2. Why is evaluation of quality of science emphasized in the Guidelines?

The Evaluation Guidelines operationalize the CGIAR Evaluation Policy (2022) and the QoR4D Framework (2017). The QoR4D Framework recognized that high quality science is necessary but needs to be placed into a research-for-development framework. The QoR4D Framework was based on the Transdisciplinary Research Quality Assessment Framework (QAF) (Belcher et al., 2016). It established a methodology to evaluate elements of relevance, credibility, legitimacy and effectiveness (positioning for use). At the same time, quality of science as a means to achieve quality of research was not given the emphasis and definition that it deserves. The Guidelines aim to address this important issue, by further bridging into performance process evaluations.

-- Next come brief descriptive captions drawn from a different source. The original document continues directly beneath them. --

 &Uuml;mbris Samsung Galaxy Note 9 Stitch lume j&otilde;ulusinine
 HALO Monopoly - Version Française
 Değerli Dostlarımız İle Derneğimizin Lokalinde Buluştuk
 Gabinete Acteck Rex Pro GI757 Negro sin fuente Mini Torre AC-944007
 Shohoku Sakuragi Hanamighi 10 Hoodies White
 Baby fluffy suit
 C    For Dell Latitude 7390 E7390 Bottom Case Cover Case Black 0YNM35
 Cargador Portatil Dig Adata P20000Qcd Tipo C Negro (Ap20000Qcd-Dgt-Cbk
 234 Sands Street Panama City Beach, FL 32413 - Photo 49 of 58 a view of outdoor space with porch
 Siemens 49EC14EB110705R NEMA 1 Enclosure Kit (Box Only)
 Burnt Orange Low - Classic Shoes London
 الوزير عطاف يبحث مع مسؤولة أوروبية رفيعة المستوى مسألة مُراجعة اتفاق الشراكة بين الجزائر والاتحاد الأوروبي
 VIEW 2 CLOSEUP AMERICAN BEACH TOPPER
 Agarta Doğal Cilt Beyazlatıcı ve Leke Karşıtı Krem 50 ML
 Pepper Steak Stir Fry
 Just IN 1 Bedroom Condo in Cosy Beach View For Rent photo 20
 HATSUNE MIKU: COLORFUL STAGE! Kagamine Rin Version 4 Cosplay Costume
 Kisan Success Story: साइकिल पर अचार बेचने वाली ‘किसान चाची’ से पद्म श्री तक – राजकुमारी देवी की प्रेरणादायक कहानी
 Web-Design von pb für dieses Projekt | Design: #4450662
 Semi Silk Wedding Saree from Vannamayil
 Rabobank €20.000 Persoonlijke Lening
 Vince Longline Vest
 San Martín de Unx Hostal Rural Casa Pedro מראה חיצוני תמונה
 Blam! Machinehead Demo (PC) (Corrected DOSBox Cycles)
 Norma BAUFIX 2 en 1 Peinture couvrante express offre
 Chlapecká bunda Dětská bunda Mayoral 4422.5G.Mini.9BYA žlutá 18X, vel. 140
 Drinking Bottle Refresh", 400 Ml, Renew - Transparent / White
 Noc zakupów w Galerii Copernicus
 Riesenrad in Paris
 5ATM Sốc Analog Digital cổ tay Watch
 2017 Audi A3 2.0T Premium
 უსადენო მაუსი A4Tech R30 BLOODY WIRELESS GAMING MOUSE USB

3. Why is evaluation of quality of science complex?

Evaluating QoS is essential for interventions which produce/deliver science and related outputs as part of the research cycle. Evaluation of QoS in the R4D context is not straightforward, but if done systematically it is not complex. QoS evaluation criterion captures the key elements – credibility and legitimacy, operationalized by relevant dimensions and clearly defined indicators. Together their use can significantly strengthen the evaluative findings and recommendations.

4. Looking at some of the language, it seems that we are still evaluating how good research is rather than how good the program is in a specific context. Are trying to achieve more research and publications or more outreach of the program?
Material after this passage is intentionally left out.